To plot histograms for the three handset types, it would be convenient if the proportion data for each handset type were in separate columns. Since we set a hierarchical index on the handset_results dataframe, we can use the unstack method to unpack the innermost level of the index (handset_type, in this case) into separate columns.

handset_results.unstack().head()

handset_type pcod	proportion Basic	proportion Feature	proportion Smart
NPL.1.1.1_1	0.311364	0.338636	0.35
NPL.1.1.2_1	0.324786	0.373932	0.301282
NPL.1.1.3_1	0.324331	0.337482	0.338187
NPL.1.1.5_1	0.343415	0.332683	0.323902
NPL.1.1.6_1	0.349057	0.307278	0.343666

This produces a dataframe with a single-level index, and a MultiIndex as column headers. Now the plot.hist method plots all three histograms on the same axes. We set alpha=0.5 to make them slightly transparent. In this dataset we can see that there is little difference between the distributions of the different handset types - the proportions of all handset types are approximately equal in all regions.

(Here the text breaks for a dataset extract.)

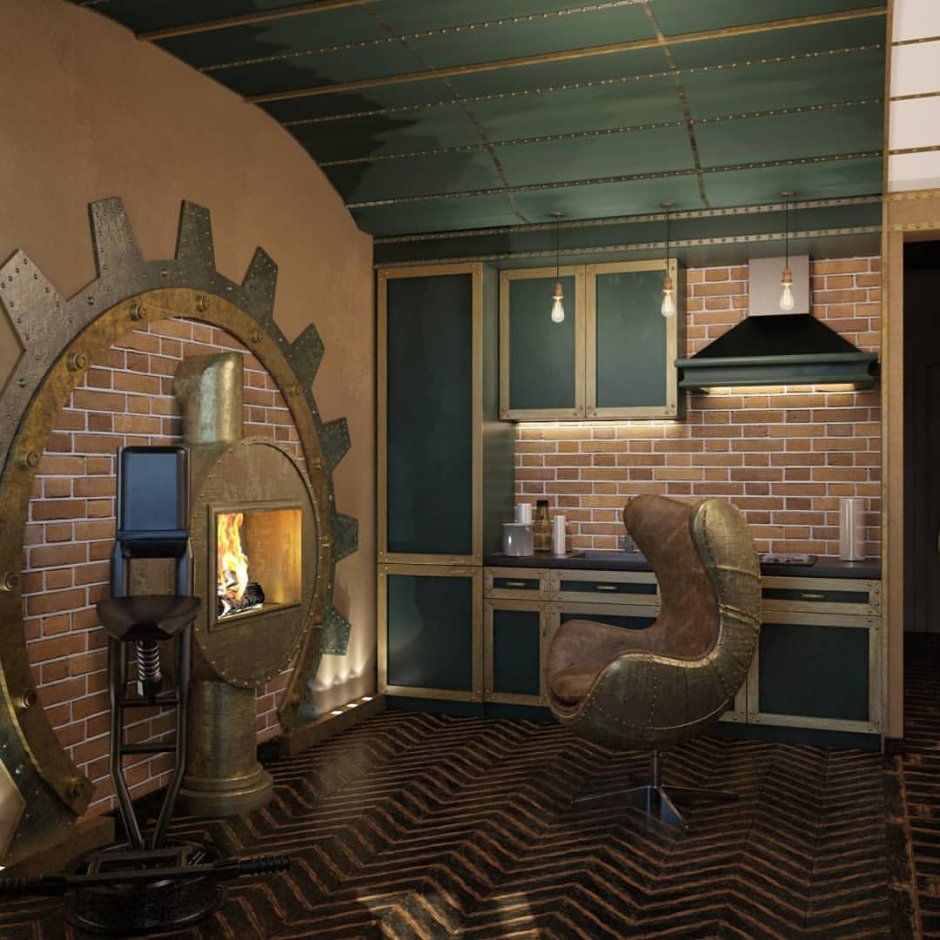 Кухня в стиле стимпанк в квартире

handset_results.unstack().plot.hist(alpha=0.5);

As with the radius of gyration results, we can also join to the geography data and plot choropleth maps of the handset type distributions. We use the query method to select the subset of rows for a given handset type.

handset_results_with_geo = geog.join(handset_results).dropna()

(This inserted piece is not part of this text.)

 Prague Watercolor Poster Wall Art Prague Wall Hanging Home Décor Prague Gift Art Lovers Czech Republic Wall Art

for htype in ["Basic", "Feature", "Smart"]:
    ax = geog.plot(color="lightgrey")
    ax.set_title(f"Proportion ({htype})")
    handset_results_with_geo.query(f"handset_type == '{htype}'").plot(
        ax=ax, column="proportion", legend=True
    );

Comparing radius of gyration and handset types¶

Join the dataframes¶

Now that we have the results from both of our joined spatial aggregate queries, we can join them and compare the metrics.

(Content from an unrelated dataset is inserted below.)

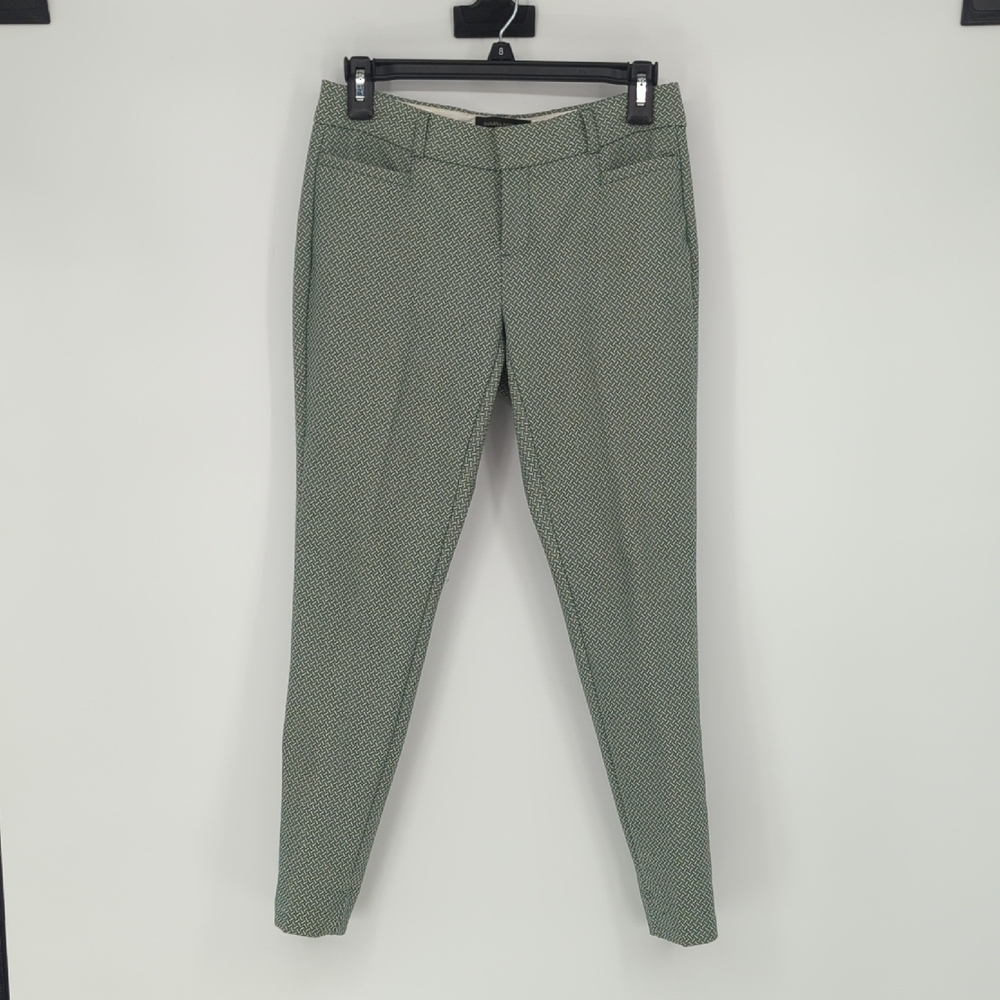 Banana Republic Sloan Jacquard Skinny Trouser Green 00P preppy Business casual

combined = rog_results.join(handset_results.unstack())
combined.head()

pcod	radius_of_gyration	('proportion', 'Basic')	('proportion', 'Feature')	('proportion', 'Smart')
NPL.4.1.1_1	81.136	0.320493	0.338983	0.340524
NPL.1.3.3_1	45.258	0.364428	0.325871	0.309701
NPL.1.1.3_1	46.6002	0.324331	0.337482	0.338187
NPL.3.1.4_1	104.777	0.324818	0.350365	0.324818
NPL.1.2.1_1	52.684	0.332849	0.335029	0.332122

Correlation¶

The corr method provides a quick way to calculate the correlation between all pairs of columns. We're interested in the correlation between radius of gyration and each of the proportion columns. From these results, there appears to be no significant correlation between handset type and radius of gyration.

combined.corr()

	radius_of_gyration	('proportion', 'Basic')	('proportion', 'Feature')	('proportion', 'Smart')
radius_of_gyration	1	0.101425	0.0741593	-0.185196
('proportion', 'Basic')	0.101425	1	-0.548013	-0.577939
('proportion', 'Feature')	0.0741593	-0.548013	1	-0.365908
('proportion', 'Smart')	-0.185196	-0.577939	-0.365908	1

Scatter plot¶

To see whether there is any relationship that's not apparent from the correlation, let's make a scatter plot of radius of gyration against proportion of subscribers who use a smartphone.

combined.plot.scatter(x="radius_of_gyration", y=("proportion", "Smart"));

We can use matplotlib to plot radius of gyration against proportion for each of the handset types on the same plot.

fig, ax = plt.subplots()

for htype in ["Basic", "Feature", "Smart"]:
    ax.scatter(
        combined["radius_of_gyration"],
        combined[("proportion", htype)],
        label=htype,
    )
ax.set_xlabel("Radius of gyration (km)")
ax.set_ylabel("Handset type proportion")
ax.legend();

There is no obvious pattern visible in these plots, so for this test dataset we have found no relationship between subscribers' handset types and their radius of gyration.